Every line from the beginning of the data through the line containing "Audio Nova AB200.2" should be reproduced exactly, and no further lines should be output.

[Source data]
----------------

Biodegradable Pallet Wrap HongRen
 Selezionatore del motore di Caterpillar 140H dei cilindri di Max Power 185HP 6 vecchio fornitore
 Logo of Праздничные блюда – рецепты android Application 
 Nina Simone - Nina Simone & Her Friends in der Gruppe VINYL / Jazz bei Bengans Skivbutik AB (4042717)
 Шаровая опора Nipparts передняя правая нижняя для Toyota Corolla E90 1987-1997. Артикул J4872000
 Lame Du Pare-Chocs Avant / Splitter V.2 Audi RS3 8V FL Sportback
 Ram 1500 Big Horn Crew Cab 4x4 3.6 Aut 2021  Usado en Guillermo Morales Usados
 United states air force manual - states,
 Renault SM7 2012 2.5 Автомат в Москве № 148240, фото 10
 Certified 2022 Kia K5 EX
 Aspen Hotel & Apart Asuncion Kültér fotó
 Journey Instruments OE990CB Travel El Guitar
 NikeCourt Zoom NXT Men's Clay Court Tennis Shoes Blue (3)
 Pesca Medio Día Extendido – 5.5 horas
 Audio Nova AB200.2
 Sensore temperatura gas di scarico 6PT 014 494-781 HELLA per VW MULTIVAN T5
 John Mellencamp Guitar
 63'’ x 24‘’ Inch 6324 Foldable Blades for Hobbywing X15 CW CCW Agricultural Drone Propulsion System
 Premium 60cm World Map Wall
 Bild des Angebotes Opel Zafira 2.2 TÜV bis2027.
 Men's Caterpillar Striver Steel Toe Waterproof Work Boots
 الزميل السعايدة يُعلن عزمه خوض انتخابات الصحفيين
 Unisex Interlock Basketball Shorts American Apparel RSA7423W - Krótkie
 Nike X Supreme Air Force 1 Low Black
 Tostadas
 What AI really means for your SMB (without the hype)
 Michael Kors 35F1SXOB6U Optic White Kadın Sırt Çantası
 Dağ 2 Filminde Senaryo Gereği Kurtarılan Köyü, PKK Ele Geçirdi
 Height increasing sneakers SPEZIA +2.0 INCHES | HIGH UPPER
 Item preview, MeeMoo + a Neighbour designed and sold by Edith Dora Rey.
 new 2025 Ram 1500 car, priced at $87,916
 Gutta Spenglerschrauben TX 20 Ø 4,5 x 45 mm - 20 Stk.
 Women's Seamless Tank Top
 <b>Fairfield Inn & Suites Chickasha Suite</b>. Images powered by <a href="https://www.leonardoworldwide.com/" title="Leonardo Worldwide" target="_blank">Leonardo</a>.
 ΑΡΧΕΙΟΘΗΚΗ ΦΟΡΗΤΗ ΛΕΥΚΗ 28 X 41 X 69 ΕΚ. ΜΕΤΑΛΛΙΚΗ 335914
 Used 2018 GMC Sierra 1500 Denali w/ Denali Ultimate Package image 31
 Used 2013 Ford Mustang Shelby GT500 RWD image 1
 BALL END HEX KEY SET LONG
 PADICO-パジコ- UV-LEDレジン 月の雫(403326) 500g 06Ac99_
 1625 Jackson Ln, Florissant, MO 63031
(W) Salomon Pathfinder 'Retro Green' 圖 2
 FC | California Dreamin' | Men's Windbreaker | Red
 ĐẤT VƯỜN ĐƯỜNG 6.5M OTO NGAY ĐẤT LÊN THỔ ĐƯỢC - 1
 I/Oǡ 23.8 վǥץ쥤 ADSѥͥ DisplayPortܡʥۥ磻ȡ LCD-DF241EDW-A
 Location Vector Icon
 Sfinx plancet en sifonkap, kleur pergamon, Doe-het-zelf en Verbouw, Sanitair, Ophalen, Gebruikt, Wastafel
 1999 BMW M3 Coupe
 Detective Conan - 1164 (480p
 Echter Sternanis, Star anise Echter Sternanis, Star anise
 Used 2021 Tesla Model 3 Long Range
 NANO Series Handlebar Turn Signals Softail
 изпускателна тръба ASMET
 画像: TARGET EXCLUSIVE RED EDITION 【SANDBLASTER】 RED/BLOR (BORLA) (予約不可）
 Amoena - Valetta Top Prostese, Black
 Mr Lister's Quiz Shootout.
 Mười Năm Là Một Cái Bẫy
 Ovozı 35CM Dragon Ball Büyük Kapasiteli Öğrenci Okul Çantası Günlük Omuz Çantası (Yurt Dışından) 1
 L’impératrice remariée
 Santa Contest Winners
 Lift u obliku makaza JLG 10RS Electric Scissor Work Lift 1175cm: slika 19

----------------

* ANSWER SECTION:
Biodegradable Pallet Wrap HongRen
 Selezionatore del motore di Caterpillar 140H dei cilindri di Max Power 185HP 6 vecchio fornitore
 Logo of Праздничные блюда – рецепты android Application 
 Nina Simone - Nina Simone & Her Friends in der Gruppe VINYL / Jazz bei Bengans Skivbutik AB (4042717)
 Шаровая опора Nipparts передняя правая нижняя для Toyota Corolla E90 1987-1997. Артикул J4872000
 Lame Du Pare-Chocs Avant / Splitter V.2 Audi RS3 8V FL Sportback
 Ram 1500 Big Horn Crew Cab 4x4 3.6 Aut 2021  Usado en Guillermo Morales Usados
 United states air force manual - states,
 Renault SM7 2012 2.5 Автомат в Москве № 148240, фото 10
 Certified 2022 Kia K5 EX
 Aspen Hotel & Apart Asuncion Kültér fotó
 Journey Instruments OE990CB Travel El Guitar
 NikeCourt Zoom NXT Men's Clay Court Tennis Shoes Blue (3)
 Pesca Medio Día Extendido – 5.5 horas
 Audio Nova AB200.2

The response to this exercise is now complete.